*WHAT YOU SHOULD DO*
In the records below, begin at the line containing "Picture Ledge Shelf" and end at the line containing "CLARK - Buffet"; quote every line in that span exactly, including both boundary lines, and no others.

(SUPPLIED MATERIAL)

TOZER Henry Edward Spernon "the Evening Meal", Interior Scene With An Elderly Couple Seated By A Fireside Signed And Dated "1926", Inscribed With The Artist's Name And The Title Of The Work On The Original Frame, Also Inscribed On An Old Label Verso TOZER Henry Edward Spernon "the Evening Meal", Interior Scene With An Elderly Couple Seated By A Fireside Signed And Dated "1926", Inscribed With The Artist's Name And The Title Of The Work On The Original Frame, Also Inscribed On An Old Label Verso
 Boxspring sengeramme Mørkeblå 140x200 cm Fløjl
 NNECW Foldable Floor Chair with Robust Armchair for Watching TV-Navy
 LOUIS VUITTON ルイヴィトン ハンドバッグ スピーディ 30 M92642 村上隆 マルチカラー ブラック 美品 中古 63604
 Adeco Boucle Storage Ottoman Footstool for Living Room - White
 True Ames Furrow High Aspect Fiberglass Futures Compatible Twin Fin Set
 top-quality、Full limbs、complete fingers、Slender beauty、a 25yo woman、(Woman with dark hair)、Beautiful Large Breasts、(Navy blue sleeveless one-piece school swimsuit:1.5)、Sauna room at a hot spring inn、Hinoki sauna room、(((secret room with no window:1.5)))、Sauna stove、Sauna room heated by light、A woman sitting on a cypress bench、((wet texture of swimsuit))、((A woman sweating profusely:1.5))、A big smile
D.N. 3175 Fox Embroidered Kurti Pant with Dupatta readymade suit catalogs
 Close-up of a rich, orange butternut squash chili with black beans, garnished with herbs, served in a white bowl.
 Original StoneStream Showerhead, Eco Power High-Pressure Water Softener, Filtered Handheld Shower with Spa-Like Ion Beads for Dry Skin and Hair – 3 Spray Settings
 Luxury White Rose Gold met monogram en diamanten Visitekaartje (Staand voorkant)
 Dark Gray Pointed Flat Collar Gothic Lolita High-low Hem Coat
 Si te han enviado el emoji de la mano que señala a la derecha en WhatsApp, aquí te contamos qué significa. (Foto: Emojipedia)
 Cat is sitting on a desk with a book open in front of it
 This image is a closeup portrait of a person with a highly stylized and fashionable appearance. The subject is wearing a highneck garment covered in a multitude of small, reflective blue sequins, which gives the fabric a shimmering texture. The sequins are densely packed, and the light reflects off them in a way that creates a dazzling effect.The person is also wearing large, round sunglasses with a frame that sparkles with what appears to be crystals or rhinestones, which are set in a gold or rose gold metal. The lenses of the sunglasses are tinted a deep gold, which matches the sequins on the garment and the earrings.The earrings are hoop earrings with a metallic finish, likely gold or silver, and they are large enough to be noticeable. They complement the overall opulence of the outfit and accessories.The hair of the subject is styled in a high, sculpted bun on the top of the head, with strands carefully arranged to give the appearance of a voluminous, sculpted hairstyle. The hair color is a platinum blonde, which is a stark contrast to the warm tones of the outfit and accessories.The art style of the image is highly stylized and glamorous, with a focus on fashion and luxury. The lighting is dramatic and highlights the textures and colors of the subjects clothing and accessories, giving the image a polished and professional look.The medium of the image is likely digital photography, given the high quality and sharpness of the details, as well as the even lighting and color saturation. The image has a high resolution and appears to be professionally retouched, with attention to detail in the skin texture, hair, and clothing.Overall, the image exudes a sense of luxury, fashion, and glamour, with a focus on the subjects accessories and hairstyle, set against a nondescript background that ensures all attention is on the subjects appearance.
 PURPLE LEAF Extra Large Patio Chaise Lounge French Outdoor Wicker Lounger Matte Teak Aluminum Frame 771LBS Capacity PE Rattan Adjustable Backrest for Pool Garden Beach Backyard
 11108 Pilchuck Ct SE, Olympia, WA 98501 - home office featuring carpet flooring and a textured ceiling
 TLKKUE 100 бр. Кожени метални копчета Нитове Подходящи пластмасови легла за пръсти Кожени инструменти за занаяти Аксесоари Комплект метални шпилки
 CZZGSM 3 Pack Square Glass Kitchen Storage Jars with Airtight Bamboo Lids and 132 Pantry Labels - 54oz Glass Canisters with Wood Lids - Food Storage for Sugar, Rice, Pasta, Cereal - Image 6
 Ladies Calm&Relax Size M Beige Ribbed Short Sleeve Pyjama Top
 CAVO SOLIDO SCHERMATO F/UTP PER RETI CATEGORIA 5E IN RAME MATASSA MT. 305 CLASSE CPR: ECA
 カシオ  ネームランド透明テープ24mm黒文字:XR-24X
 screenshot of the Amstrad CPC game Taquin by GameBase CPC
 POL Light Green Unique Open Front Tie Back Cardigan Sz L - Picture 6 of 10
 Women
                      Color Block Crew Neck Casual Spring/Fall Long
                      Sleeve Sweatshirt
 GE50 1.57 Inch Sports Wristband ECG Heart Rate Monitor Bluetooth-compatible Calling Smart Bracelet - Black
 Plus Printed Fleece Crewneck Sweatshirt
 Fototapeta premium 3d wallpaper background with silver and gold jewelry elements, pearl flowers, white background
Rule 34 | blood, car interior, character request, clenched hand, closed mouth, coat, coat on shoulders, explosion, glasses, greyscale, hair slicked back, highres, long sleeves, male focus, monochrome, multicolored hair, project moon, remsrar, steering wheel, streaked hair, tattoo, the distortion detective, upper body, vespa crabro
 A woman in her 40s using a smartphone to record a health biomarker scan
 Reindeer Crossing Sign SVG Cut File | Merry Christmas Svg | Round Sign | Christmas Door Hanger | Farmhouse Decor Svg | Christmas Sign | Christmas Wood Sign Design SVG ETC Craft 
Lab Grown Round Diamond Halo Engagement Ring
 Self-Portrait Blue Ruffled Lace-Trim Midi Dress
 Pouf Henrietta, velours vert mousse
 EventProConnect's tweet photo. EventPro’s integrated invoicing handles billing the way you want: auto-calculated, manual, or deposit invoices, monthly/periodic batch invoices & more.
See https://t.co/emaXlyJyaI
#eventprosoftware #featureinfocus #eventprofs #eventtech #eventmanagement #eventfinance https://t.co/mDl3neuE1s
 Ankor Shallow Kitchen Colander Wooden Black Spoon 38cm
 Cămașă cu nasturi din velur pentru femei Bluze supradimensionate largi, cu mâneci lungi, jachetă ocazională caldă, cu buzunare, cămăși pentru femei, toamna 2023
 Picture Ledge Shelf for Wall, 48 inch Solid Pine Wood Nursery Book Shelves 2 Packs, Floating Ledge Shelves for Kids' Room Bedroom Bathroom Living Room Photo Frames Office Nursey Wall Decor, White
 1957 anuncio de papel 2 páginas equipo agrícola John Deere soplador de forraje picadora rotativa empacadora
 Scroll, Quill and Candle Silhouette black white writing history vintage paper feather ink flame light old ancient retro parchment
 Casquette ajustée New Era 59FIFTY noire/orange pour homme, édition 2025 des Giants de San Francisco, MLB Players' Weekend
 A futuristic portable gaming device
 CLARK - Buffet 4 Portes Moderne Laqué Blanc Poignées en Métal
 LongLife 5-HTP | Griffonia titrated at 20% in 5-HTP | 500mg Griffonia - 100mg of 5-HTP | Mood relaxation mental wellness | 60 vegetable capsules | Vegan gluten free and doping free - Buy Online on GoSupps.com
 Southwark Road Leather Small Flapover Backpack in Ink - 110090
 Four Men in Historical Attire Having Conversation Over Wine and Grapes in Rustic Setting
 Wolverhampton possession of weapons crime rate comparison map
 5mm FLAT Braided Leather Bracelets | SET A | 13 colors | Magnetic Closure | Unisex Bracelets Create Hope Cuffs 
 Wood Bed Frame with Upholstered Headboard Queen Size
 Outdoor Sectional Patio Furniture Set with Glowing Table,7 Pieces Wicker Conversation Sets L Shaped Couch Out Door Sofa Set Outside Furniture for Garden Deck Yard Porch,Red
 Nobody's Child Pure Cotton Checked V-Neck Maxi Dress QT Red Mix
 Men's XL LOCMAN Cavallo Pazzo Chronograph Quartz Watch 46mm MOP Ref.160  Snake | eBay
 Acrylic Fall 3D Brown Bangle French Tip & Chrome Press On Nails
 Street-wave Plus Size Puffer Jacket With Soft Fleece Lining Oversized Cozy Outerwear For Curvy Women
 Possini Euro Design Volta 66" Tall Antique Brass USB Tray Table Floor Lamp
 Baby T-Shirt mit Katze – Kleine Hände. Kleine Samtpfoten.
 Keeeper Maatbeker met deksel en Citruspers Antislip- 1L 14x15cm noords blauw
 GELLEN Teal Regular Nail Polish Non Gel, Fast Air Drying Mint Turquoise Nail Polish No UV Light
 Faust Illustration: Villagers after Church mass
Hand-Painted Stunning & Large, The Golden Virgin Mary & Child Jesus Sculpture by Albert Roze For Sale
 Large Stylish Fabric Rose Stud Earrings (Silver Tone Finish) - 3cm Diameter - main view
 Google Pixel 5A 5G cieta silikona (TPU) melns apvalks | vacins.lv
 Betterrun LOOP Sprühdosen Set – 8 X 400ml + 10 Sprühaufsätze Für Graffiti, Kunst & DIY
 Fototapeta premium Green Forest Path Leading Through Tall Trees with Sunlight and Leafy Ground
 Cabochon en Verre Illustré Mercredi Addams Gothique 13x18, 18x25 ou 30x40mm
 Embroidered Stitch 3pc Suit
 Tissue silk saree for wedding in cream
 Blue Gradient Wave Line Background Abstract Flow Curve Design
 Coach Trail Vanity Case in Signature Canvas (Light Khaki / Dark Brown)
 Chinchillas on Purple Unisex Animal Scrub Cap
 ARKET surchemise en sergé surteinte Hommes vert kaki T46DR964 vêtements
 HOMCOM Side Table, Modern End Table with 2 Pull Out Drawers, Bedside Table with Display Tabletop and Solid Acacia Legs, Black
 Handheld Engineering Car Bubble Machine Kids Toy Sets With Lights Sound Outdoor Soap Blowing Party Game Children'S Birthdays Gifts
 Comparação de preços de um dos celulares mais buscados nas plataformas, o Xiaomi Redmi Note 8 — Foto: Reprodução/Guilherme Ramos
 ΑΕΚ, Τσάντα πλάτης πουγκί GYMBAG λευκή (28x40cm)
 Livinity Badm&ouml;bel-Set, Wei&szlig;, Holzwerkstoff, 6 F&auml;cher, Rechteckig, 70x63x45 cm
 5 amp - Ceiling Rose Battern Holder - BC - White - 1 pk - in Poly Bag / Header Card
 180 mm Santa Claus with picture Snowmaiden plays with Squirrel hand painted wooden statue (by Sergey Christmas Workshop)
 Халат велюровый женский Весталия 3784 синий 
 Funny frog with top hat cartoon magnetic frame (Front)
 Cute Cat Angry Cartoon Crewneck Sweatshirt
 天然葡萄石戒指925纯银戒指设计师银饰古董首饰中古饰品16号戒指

(End SUPPLIED MATERIAL)

*REPLY*
 Picture Ledge Shelf for Wall, 48 inch Solid Pine Wood Nursery Book Shelves 2 Packs, Floating Ledge Shelves for Kids' Room Bedroom Bathroom Living Room Photo Frames Office Nursey Wall Decor, White
 1957 anuncio de papel 2 páginas equipo agrícola John Deere soplador de forraje picadora rotativa empacadora
 Scroll, Quill and Candle Silhouette black white writing history vintage paper feather ink flame light old ancient retro parchment
 Casquette ajustée New Era 59FIFTY noire/orange pour homme, édition 2025 des Giants de San Francisco, MLB Players' Weekend
 A futuristic portable gaming device
 CLARK - Buffet 4 Portes Moderne Laqué Blanc Poignées en Métal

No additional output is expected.